What’s in a name.

23 December 2013 | Reading time: 2 minutes

Bob Jane loses traction in family feud…

Bob Jane, a former racing car legend and renowned businessman, has been embroiled in high profile battle with his son Rodney Jane following Bob’s exit from the company he founded in 1965 (Bob Jane Corporation Pty Ltd). For Bob Jane, this family spat recently ended in defeat in the Federal Court.
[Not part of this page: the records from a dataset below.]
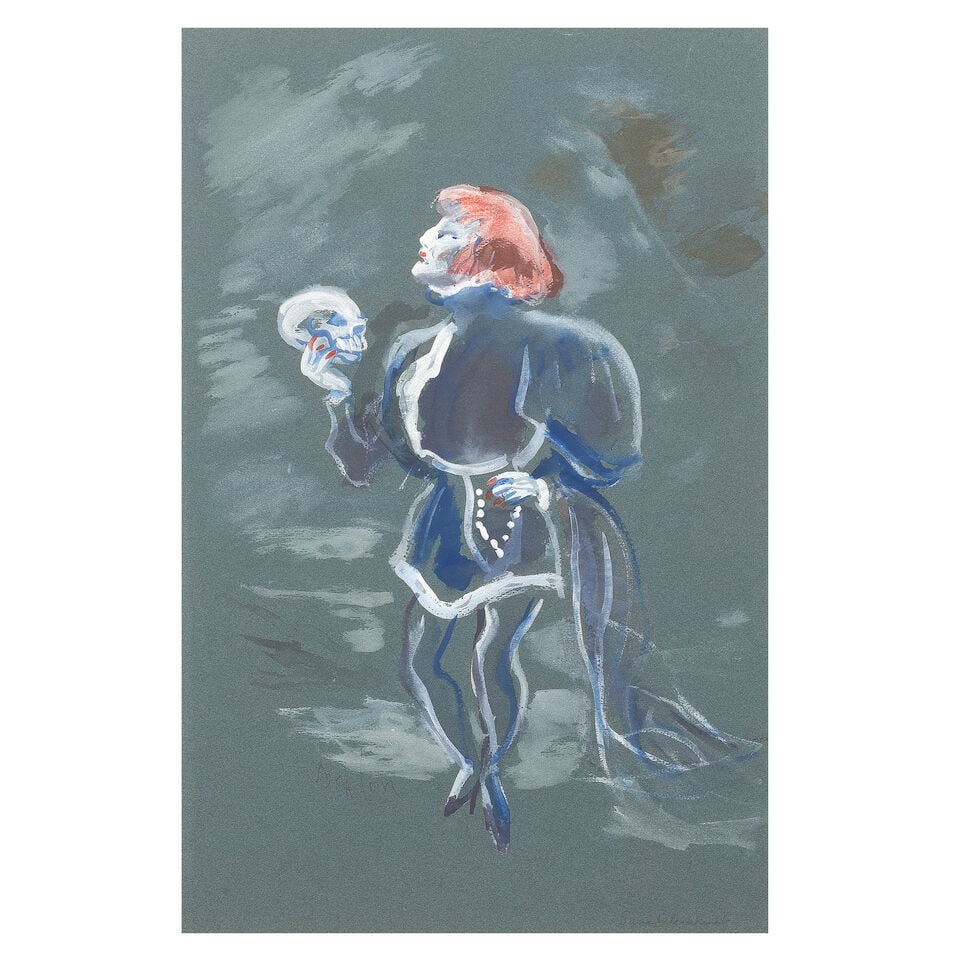 Cecil Beaton (British, 1904-1980) Sarah Bernhardt as Hamlet (together with four further costume...: Cecil Beaton (British, 1904-1980) Sarah Bernhardt as Hamlet signed 'BEATON' (lower left) and titled 'Sarah Bernhardt/as Hamlet' (lower right) gouache and watercolour on paper 47 x 31.5cm (18 1/2 x 12 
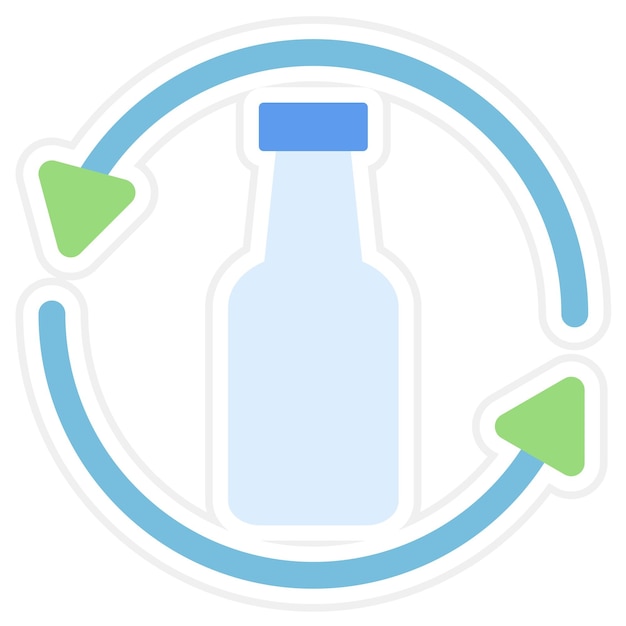 Ilustración de la línea de reciclaje de vidrio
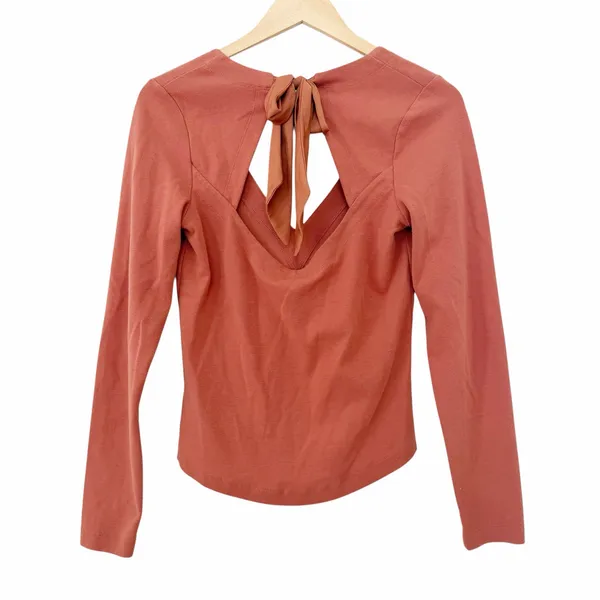 Free People Terracotta Satin Ribbon Tie Back Long Sleeve Top Sz M - Image 5
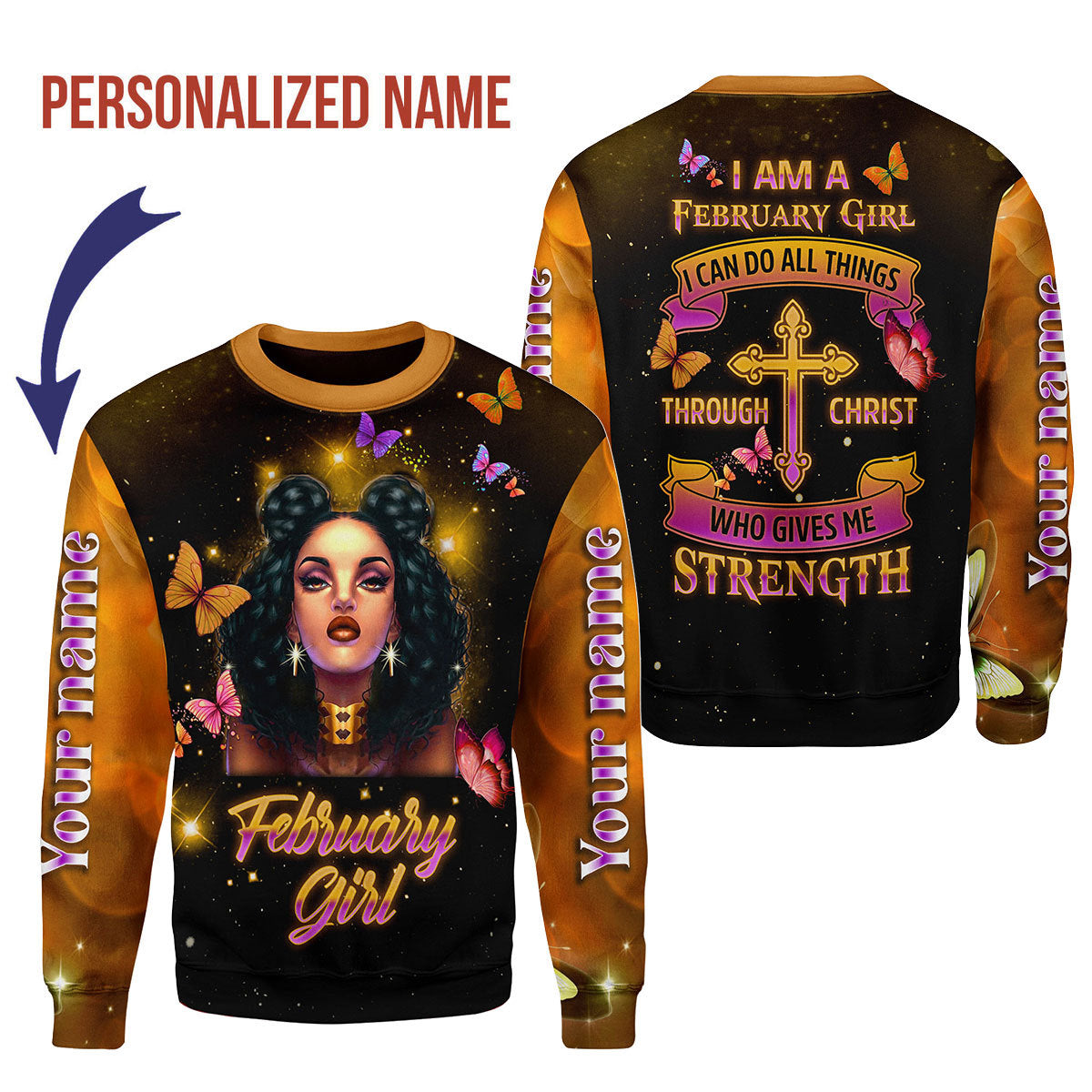 CustomsPig Personalized Ugly Sweater I Am A February Girl All Over Printed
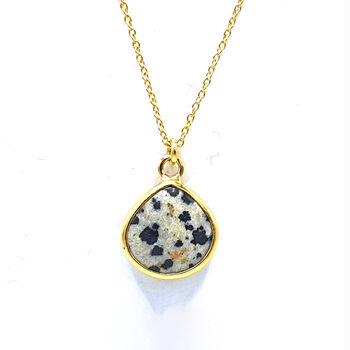 Gold Vermeil Plated Dalmatian March Birthstone Necklace, 3 of 5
Passing off your own name?

The rival venture was set up by Bob following his bitter exit from the family business using company names, domain names and trade marks containing the ‘Bob Jane’ or ‘Jane’ name (such as the company name Bob Jane Global Tyre Corporation Limited and domain names bobjaneglobal.com and janetyres.com). Rodney claimed that his father had infringed several of the trade marks , which are currently owned by the Bob Jane Corporation. Bob Jane failed to satisfy the good faith defence for using his own name and the Court ruled that Bob’s use of his own name resulted in:

  • the tort of passing off;
  • trade mark infringement; and
  • misleading and deceptive conduct.

Word association.

Bob had used the words ‘Bob Jane’ and ‘Jane’ in his new business. The Court ruled that customers would associate Bob’s new business with the original Bob Jane Corporation and that Bob was using the reputation of his old business to bolster his new business. Further, Bob’s paid advertising, that customers could save 30 to 50 percent was found to be misleading and deceptive because it did not take into consideration the costs of shipping and labour to remove and fit the new tyres.

Sue me!

When Bob had approached several long standing Bob Jane T-Marts’ franchisees and various suppliers in relation to his new business and was asked to stop this behaviour by his Son , Bob replied by email as follows:

‘Rodney, I will contact who I like, when I like, about what I like. You are a liar and a thief. SUE ME!’

The public dispute between father and son came to a conclusion with the Federal Court restraining Bob Jane from using his own name to sell wheels, tyres and other car related parts. ‘Sue me!’ – words uttered in haste, repented at leisure.